The Initiative Petitions were turned in to the City Clerk on November 12, 2014, by the Dixon Chapter of the Solano County Taxpayers Association (DC-SCTA) for verification of the number of signatures. One week later the Clerk forwarded the petitions to the County Registrar of Voters for validation of signatures. While the petitions were in the custody of the City Clerk at least one duplicate copy was made of the Initiative, including the lists of all signatures. After validation of signatures by the County Registrar of Voters, the petitions were returned to the City Clerk to be sealed for confidentiality.

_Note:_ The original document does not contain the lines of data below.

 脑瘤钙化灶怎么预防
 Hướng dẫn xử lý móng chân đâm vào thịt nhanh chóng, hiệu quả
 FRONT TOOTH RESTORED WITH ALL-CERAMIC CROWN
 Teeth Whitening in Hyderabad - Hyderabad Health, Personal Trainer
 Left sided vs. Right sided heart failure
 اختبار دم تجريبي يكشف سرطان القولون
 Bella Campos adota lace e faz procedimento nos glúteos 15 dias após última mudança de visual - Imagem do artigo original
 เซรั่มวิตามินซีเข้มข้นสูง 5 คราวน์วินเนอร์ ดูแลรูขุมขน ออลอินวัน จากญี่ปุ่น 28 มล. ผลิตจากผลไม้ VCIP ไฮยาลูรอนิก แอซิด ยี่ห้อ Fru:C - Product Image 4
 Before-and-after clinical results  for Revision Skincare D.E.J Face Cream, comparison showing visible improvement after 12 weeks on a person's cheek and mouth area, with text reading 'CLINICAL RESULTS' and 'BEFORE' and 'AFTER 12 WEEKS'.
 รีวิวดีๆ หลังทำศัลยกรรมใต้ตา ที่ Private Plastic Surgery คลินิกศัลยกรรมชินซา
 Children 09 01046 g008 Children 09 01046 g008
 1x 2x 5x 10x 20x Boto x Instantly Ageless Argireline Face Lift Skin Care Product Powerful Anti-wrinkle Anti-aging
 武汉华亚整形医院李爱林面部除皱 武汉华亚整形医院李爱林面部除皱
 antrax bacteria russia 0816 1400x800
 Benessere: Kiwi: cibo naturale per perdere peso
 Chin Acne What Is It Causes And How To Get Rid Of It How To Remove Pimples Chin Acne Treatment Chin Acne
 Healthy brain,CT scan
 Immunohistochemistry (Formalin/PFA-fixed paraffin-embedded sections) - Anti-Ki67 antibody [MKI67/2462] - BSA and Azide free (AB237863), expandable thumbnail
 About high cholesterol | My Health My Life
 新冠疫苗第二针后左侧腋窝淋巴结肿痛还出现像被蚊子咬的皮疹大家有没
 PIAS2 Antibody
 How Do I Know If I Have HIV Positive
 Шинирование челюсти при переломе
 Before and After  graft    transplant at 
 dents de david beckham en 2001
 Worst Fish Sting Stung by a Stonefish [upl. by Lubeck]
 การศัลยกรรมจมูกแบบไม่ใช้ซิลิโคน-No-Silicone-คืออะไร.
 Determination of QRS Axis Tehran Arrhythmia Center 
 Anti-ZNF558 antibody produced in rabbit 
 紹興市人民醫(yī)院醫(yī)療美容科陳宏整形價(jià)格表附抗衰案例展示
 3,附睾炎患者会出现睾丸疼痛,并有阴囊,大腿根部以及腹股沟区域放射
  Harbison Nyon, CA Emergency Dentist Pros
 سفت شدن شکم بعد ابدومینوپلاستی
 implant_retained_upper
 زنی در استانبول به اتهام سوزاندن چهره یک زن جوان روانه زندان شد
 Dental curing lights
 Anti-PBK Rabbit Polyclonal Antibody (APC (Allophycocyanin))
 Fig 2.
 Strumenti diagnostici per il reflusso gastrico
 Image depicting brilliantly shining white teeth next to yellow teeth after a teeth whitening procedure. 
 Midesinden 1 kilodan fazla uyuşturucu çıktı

Gary Riddle, President of the Dixon Chapter, said after the Wednesday court hearing that when circulating petitions some people were concerned about providing their addresses.
Riddle said he told them the information was turned over to the city clerk and kept confidential – but when Dixon challenged the petition in February the city’s filing included copies of the petition with names and addresses.
People who work in law enforcement for the state were among petition signers and they do not want their addresses part of the public record, Riddle said.
The questions that were not asked of, nor answered by, Mr. Churchwell, the city’s attorney, were:
- Who provided the copies of the petitions?
- What was the purpose of the petition copies?
- Why were they included as Exhibit I filed with the Writ?
- As stated above the person who petitioned the court to seal Exhibit I documents was a signer of the Sewer Initiative Petition and was identified in the court document as John Doe. Persons named in the petition as Respondents were the Dixon City Clerk, the Solano County Clerk of the Superior Court, attorneys for Churchwell/White LLP, Dixon City Council Members, and the Dixon City Manager.